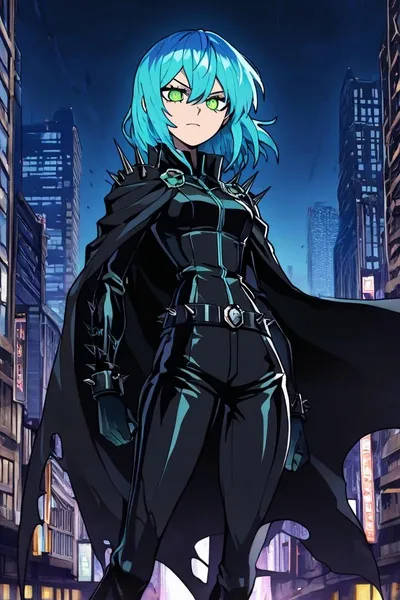 φόντοΔρ. Μαλβολία Βεξ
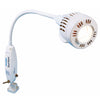 Table Mount Gleamer LED Procedure Light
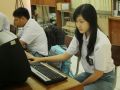 IMG 7482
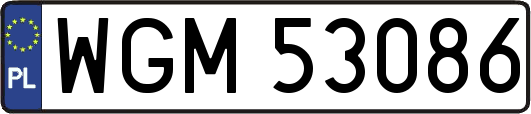 WGM53086
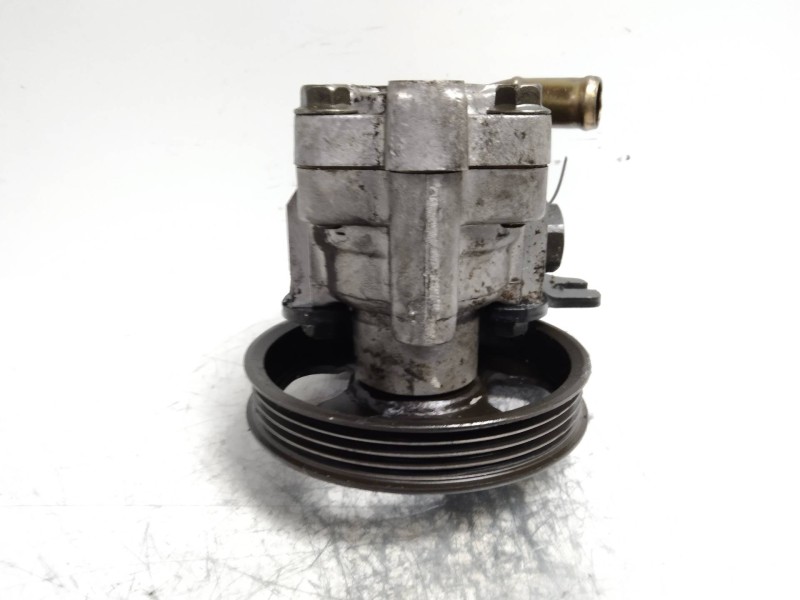 Recambio de bomba direccion para nissan serena (c23m) 1.6 cat referencia OEM IAM 2Y033006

++++++

Would you please retype all the data exactly? Leave out whatever pictures it holds.

**Solution for this exercise**
 φόντοΔρ. Μαλβολία Βεξ
 Table Mount Gleamer LED Procedure Light
 IMG 7482
 WGM53086
 Recambio de bomba direccion para nissan serena (c23m) 1.6 cat referencia OEM IAM 2Y033006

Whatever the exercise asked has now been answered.